■ **TASK TO COMPLETE**
Your output should consist solely of the lines from the one holding "4 in. x 4 in." to the end of the records below, inclusive, reproduced exactly and free of pictures.

■ **SOURCE DATA**
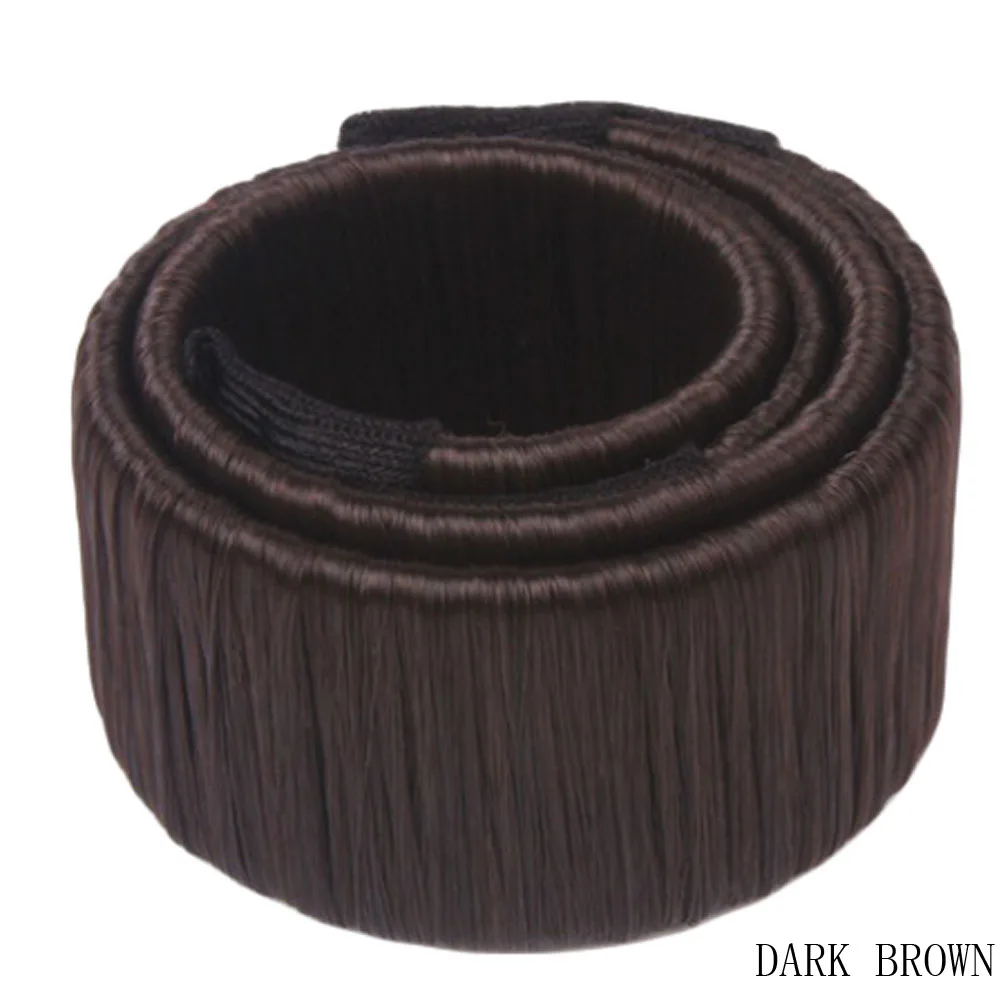 Dark Brown 1 шт. для женщин, девушек, детей Magic кольцо для укладки волос Бун чайник Бывший Твист заколка для прически DIY пончики пучок волос инструменты Шнуровых - Цвет: Dark Brown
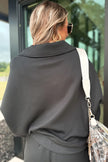 Bristol Black Collared V Neck Pullover Sweatshirt Sweatpants Set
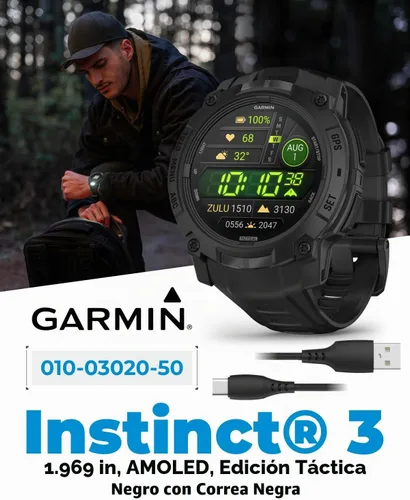 Vista 2 de Garmin Instinct 3 Edición Táctica, pantalla AMOLED, 50mm, Smartwatch GPS resistente para exteriores, soporte de balística aplicada, linterna LED
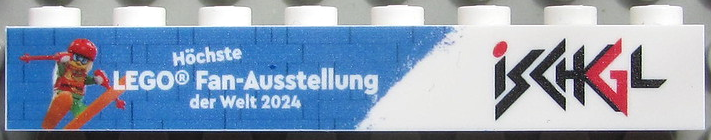 Brick 1 x 8 with Ischgl Logo and 'Höchste LEGO Fan-Ausstellung der Welt 2024' Pattern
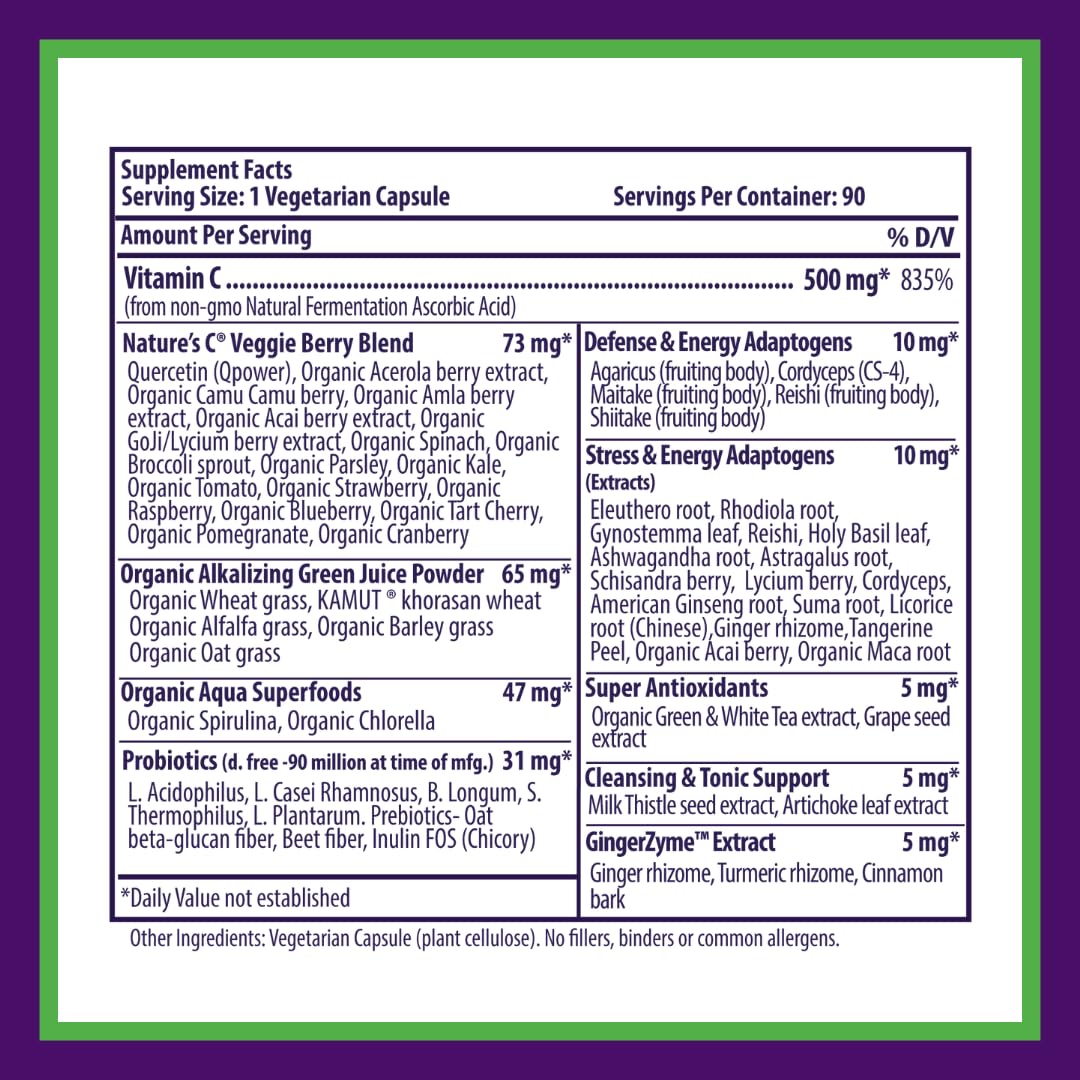 Paradise Herbs Earth's Blend Vitamin C with Nature's C and Adaptogens, Superfoods Base of Probiotics & Organic Alkalizing Greens, 90 Vegetarian Capsules Paradise HerbsAu supplements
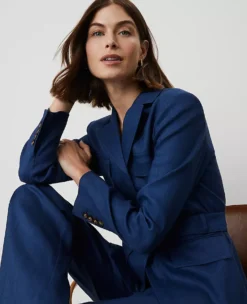 Petite Linen Blend Belted Safari Jacket in Calm Shores 5 Petite Linen Blend Belted Safari Jacket in Calm Shores -Ann Taylor Store 850269 2518 ALT2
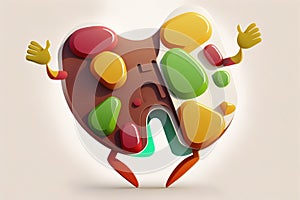 Liver. Cute cartoon healthy human anatomy internal organ character set with brain lung intestine heart kidney liver and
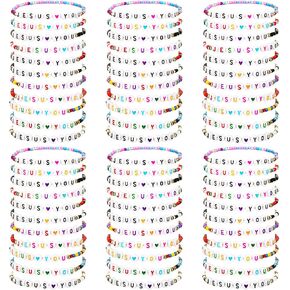 72 PCS WWJD Bracelets يسوع يا أساور مسيحية ، سوار صداقة مطرز للنساء للطفل الأساور الدينية الملونة هدية المجوهرات الملهمة (يسوع)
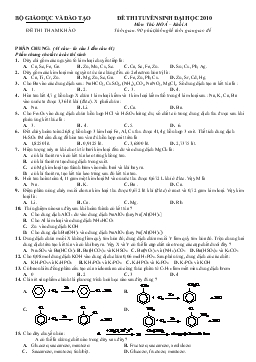Đề 020 thi tuyển sinh đại học 2010 môn thi: hoá – khối a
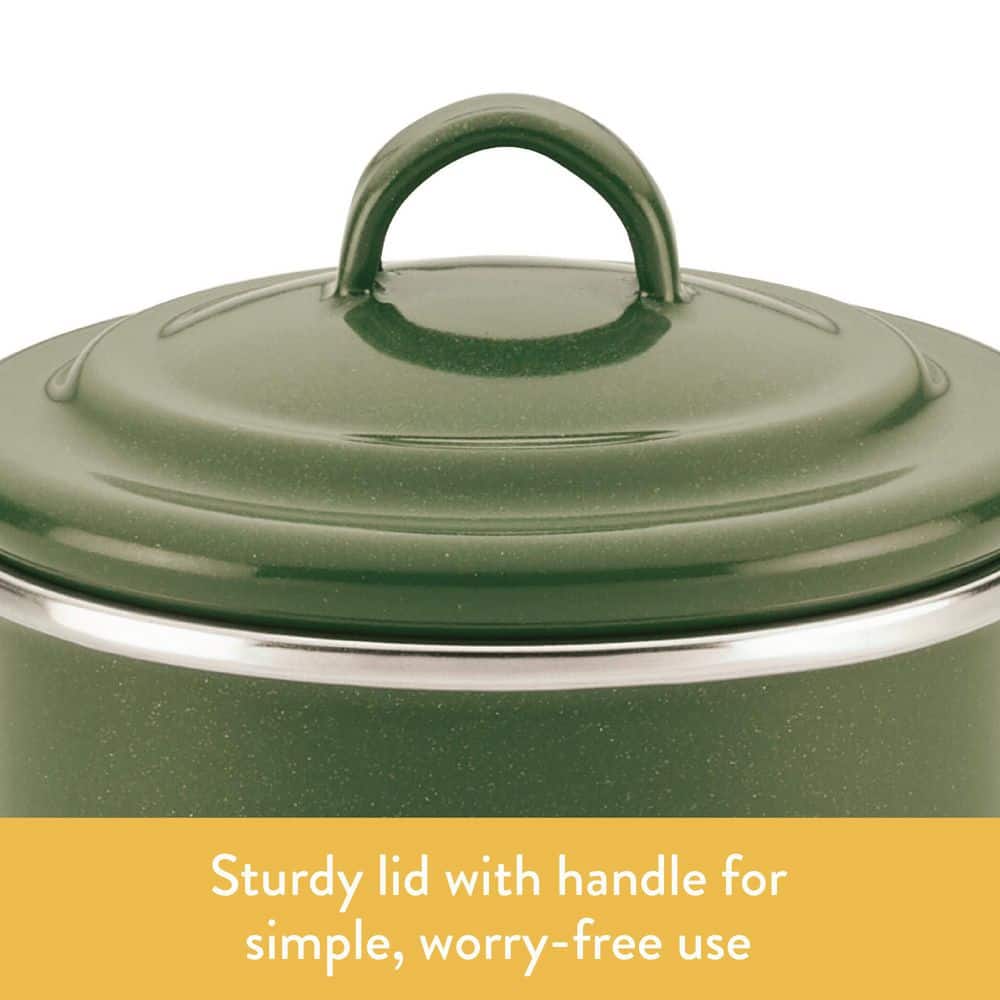 4 in. x 4 in. Enamel on Steel Bacon Grease Can Basil Green - Hercitys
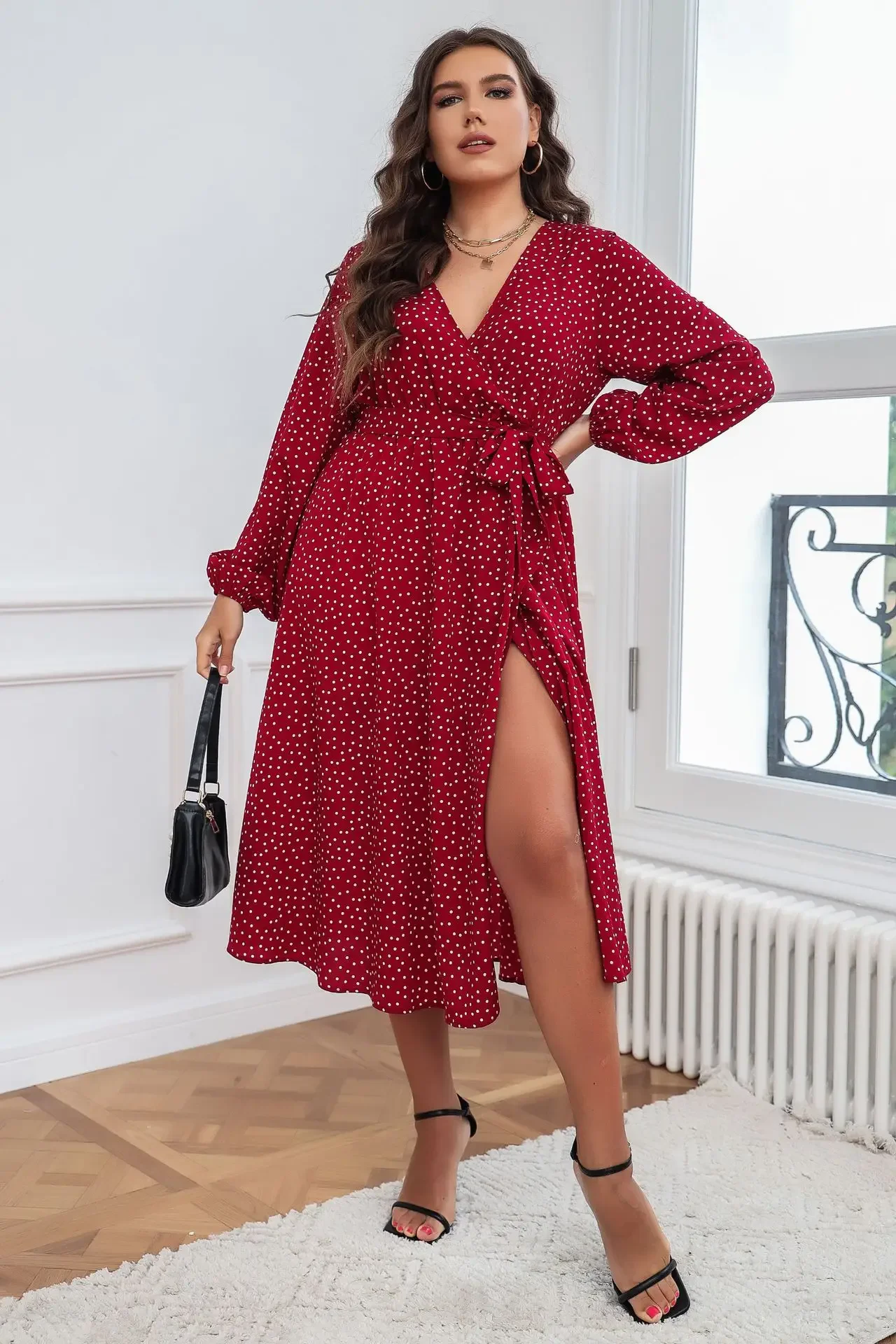 Plus Size Wrap V Neck Dresses Dotted Print Lace-Up Long Sleeves Boho Spring Fall Long Robe A Line Swing Maxi Gown Clothing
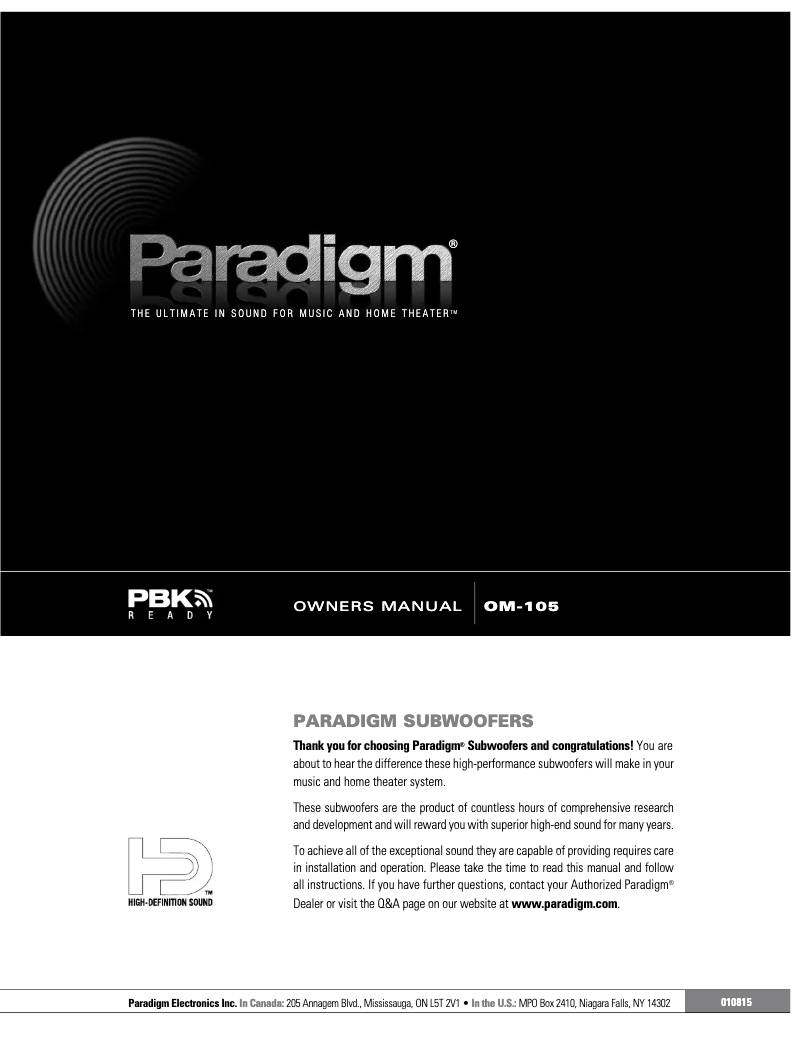 Page n°1 - Mode d'emploi Paradigm UltraCube 10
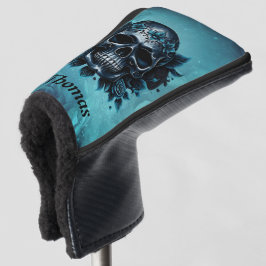 Funda Para Palo De Golf Calavera azul oscuro con rosas.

■ **RESULT OF THIS EXERCISE**
 4 in. x 4 in. Enamel on Steel Bacon Grease Can Basil Green - Hercitys
 Plus Size Wrap V Neck Dresses Dotted Print Lace-Up Long Sleeves Boho Spring Fall Long Robe A Line Swing Maxi Gown Clothing
 Page n°1 - Mode d'emploi Paradigm UltraCube 10
 Funda Para Palo De Golf Calavera azul oscuro con rosas.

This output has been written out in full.